▶ [PROBLEM TO SOLVE]
Leaving out each picture, transcribe the lines of the listing below exactly from the first through the line that contains "Kolczyki nowe czarne".
BEGIN
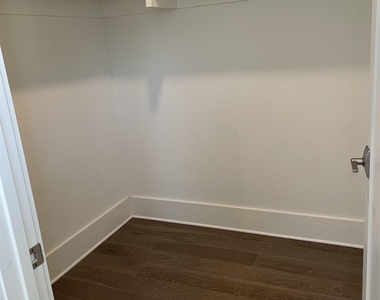 460 Heatherden Avenue - Photo Thumbnail 17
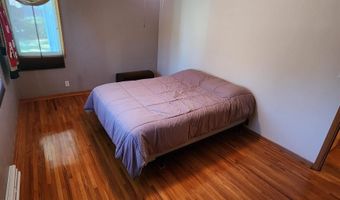 1703 E Mcgregor St, Algona, IA 50511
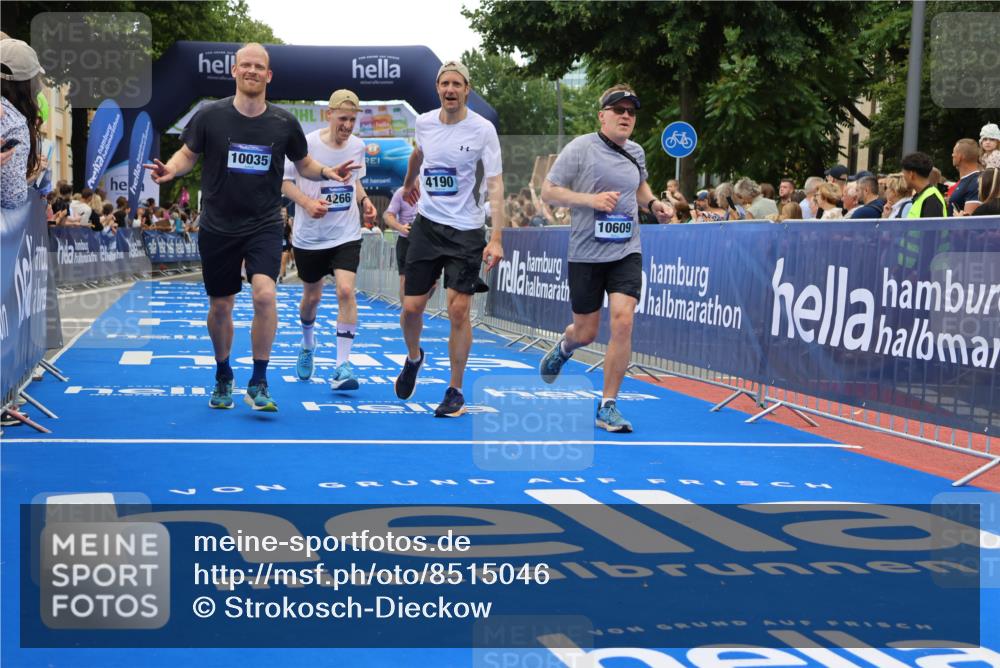 29.06.2025 - hella hamburg halbmarathon Strokosch-Dieckow http://msf.ph/oto/8515046 29.06.2025 11:18:10 Ziel 2096, 4190, 4266, 4684, 7214, 8169, 9505, 10035, 10609, 11102, 13536, 13660, 16828, 18053 meine-sportfotos.de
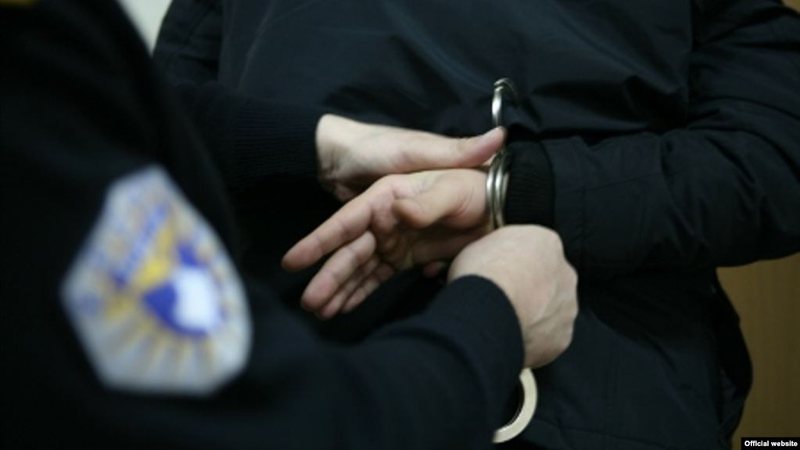 Arrestohet 32-vjeçari në Fushë Kosovë, strehoi të dyshuarin që tentoi ta vras djalin e tij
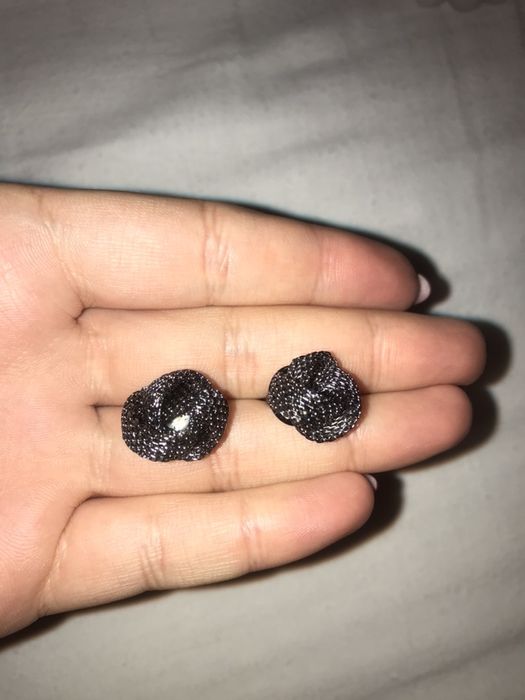 Kolczyki nowe czarne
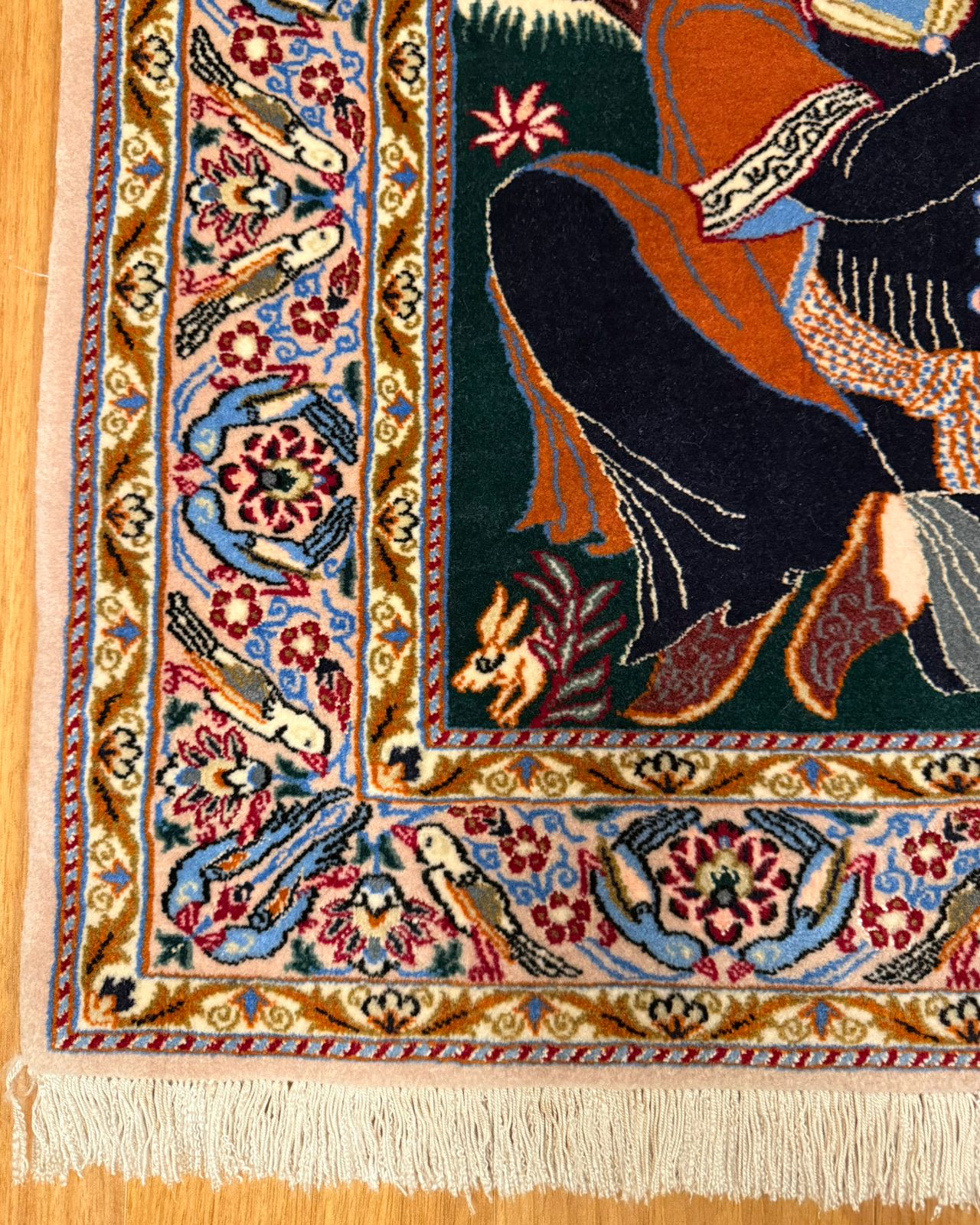 Tapete Persa Isfahan – Cena Figurativa com Poética Persa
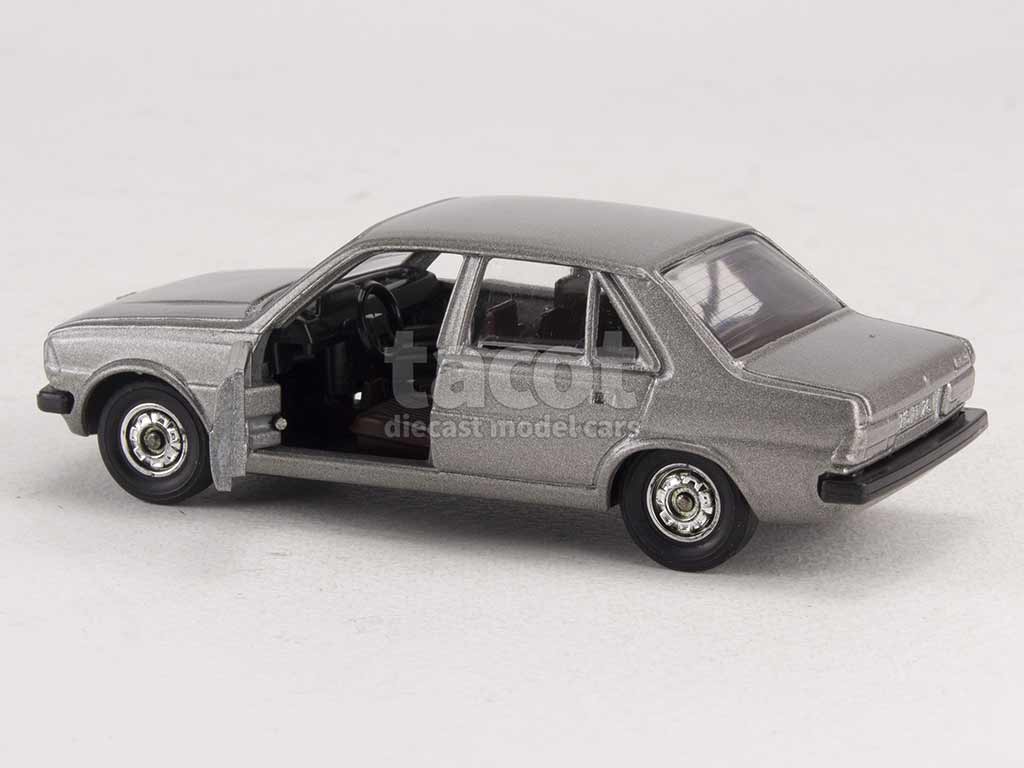 Miniature Peugeot 305 XRD à L'Échelle 1:43 Par Norev - Occasion, Comme Neuve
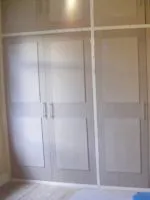 Glisante dulap cu colțul lui mâini Glisante dulap cu colțul lui mâini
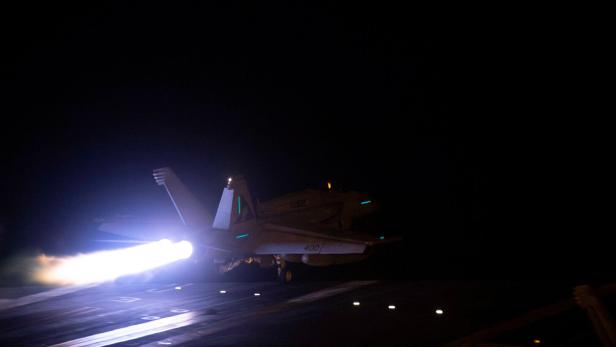 Kampfflugzeug vom 12.1.: Als Reaktion auf die wiederholten Angriffe auf die internationale Schifffahrt im Roten Meer hatten die USA und Großbritannien mit der Unterstützung Verbündeter bereits in der vergangenen Woche einen umfassenden Militärschlag gegen die Houthi ausgeführt.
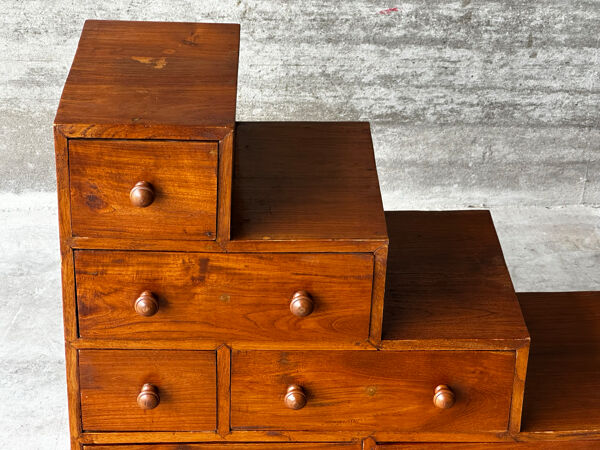 Meuble escalier Japonais Mid Century en bois massif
END
▶ [SOLUTION FOR THIS TASK]
 460 Heatherden Avenue - Photo Thumbnail 17
 1703 E Mcgregor St, Algona, IA 50511
 29.06.2025 - hella hamburg halbmarathon Strokosch-Dieckow http://msf.ph/oto/8515046 29.06.2025 11:18:10 Ziel 2096, 4190, 4266, 4684, 7214, 8169, 9505, 10035, 10609, 11102, 13536, 13660, 16828, 18053 meine-sportfotos.de
 Arrestohet 32-vjeçari në Fushë Kosovë, strehoi të dyshuarin që tentoi ta vras djalin e tij
 Kolczyki nowe czarne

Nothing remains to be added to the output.